Two snow plows and other vehicles on a slushy, snow-lined road

We often associate this time of year with lovely blankets of freshly fallen snow. But the fact is that we could be in for three or four more months of the white stuff. That’s why now is the perfect opportunity to prepare yourself and your car for winter driving.

But first, the numbers. Over the past five years (2013-2017), law enforcement officers in Minnesota reported snowy or icy road conditions in over 82,500 crashes. As a result of those crashes, 220 people died, and 22,487 were injured. So as you can see, winter weather is definitely a factor in road safety here in Minnesota.

What can you do about it? Be prepared.

Start by making sure your car is well-stocked with the emergency items you’ll need in winter weather. Here’s a list to start from:

  • Scraper and brush
  • Small shovel
  • Jumper cables
  • Tow chain
  • Sand or cat litter (for traction)
  • Blankets and warm clothing
  • Heavy boots
  • Flashlights
  • Food and bottled water

Next, make sure your car is ready. Get a tune-up and make sure you’re not driving on bald tires. Before you leave, check the weather; if the roads are bad, consider cancelling your plans unless absolutely necessary.

If you do decide to go, notify someone at your destination what time you expect to get there and what route you’ll be taking. That way if something goes wrong and you can’t call for help, others will know where to start looking for you. Next, clear all the snow and ice from your car’s windows, hood, headlights, brake lights, and turn signals. In bad weather, it’s important to both see and be seen. Your lights help both of those things happen (in fact, it’s against the law to drive without your headlights on in any kind of precipitation).

Once you’re out on the road, drive at a speed that’s safe for the road conditions.
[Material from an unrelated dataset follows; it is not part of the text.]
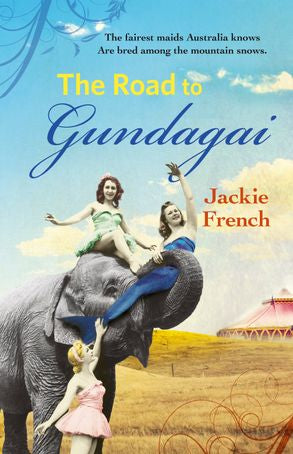 The Road to Gundagai - Jackie French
Remember that this might be quite a bit slower than the posted speed limit. Give yourself plenty of distance to stop, and at least five car-lengths behind snowplows. If you find yourself skidding, turn the steering wheel in the direction you want to go, and avoid pumping your anti-lock brakes.

For the most part, the point of traveling is to get where you’re going. And with a healthy dose of caution and some advance preparation, you can do so safely, winter weather or no.